I think what you are describing is a join between Kafka and Hudi tables. So
I'd read from Kafka first, cache the 2K messages in memory, find out what
partitions they belong to, and only load those affected partitions instead
of the entire table.
At this point, you will have two datasets : kafkaDF and hudiDF (or RDD or
DataSet.. my suggestion remains valid)
And instead of hand crafting the join at the record level, like you have.
you can just use RDD/DataSet level join operations and then get a resultDF
then you do a resultDF.write.format("hudi") and you are done?
On Tue, Aug 11, 2020 at 2:33 AM Tanuj <[email protected]> wrote:
> Hi,
> I have a problem statement where I am consuming messages from Kafka and
> then depending upon that Kafka message (2K records) I need to query Hudi
> table and create a dataset (with both updates and inserts) and push them
> back to Hudi table.
>
> I tried following but it threw NP exception from sparkSession scala code
> and rightly so as sparkSession was used in Executor.
>
> Dataset<KafkaRecord> hudiDs = companyStatusDf.flatMap(new
> FlatMapFunction<KafkaRecord, HudiRecord>() {
> @Override
> public Iterator<HudiRecord> call(KafkaRecord kafkaRecord)
> throws Exception {
> String prop1= kafkaRecord.getProp1();
> String prop2= kafkaRecord.getProp2();
> HudiRecord hudiRecord = sparkSession.read()

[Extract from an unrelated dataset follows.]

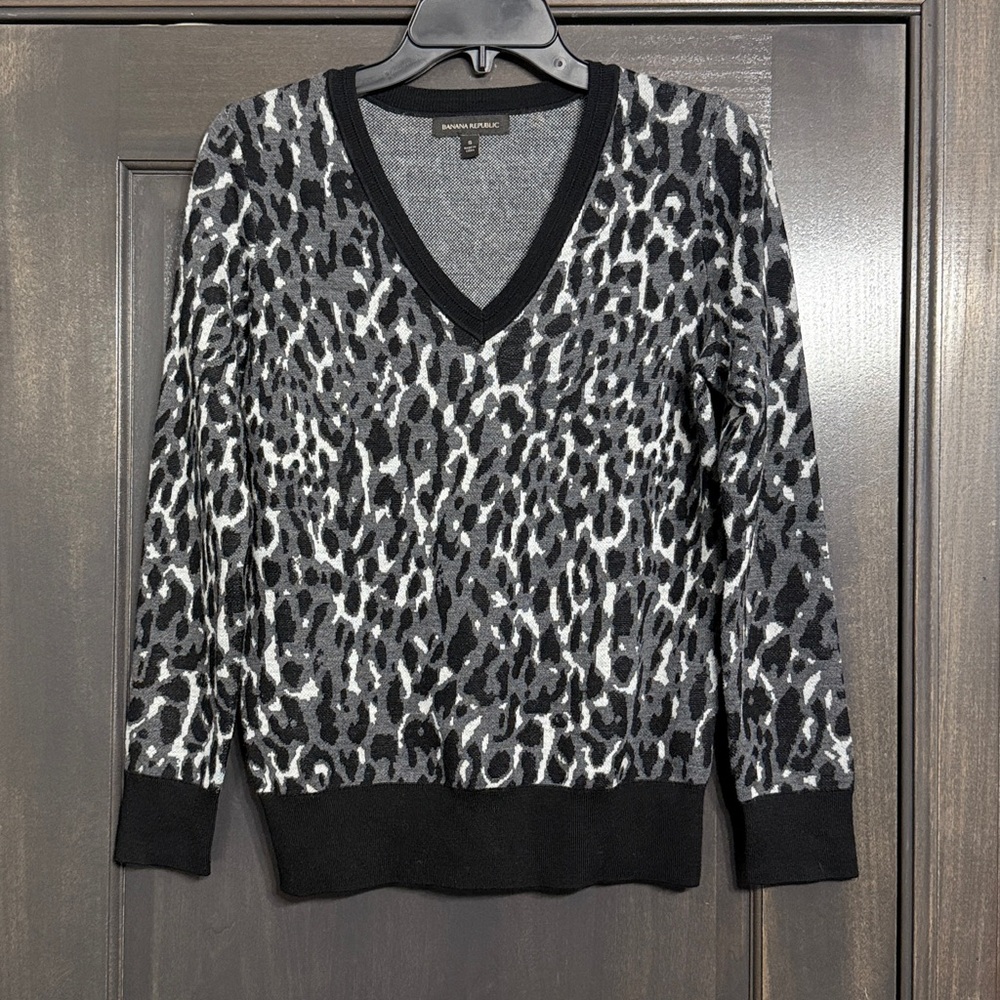 Banana Republic women's v neck Animal print merino‎ wool blend sweater S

> .format(HUDI_DATASOURCE)
> .schema(<schema>)
> .load(<path>)
> .as(Encoders.bean((HudiRecord.class)))
> .filter(<FILTER_ON_KAFKA_RECORD> say prop1);
> hudiRecord = tranform();
> // Modificiation in hudi record
> return Arrays.asList(kafkaRecord, hudiRecord).iterator();
> }
>
> }
> }, Encoders.bean(CompanyStatusGoldenRecord.class));
>
> In HUDI, I have 2 level of partitions (year and month) so for eg if I get
> 2K records from Kafka which will be spanned across multiple partitions -
> what is advisable load first the full table like "/*/*/*" or first read
> kafka record, find out which partitions need to be hit and then load only
> those HUDI tables as per partitions .I believe 2nd option would be faster
> i.e. loading the specific partitions and thats what I was trying in above
> snippet of code. So if have to leverage partitions, is collect() on Kafka
> Dataset to get the list of partitions and then supply to HUDI is the only
> option or I can do it just with the spark datasets ?
>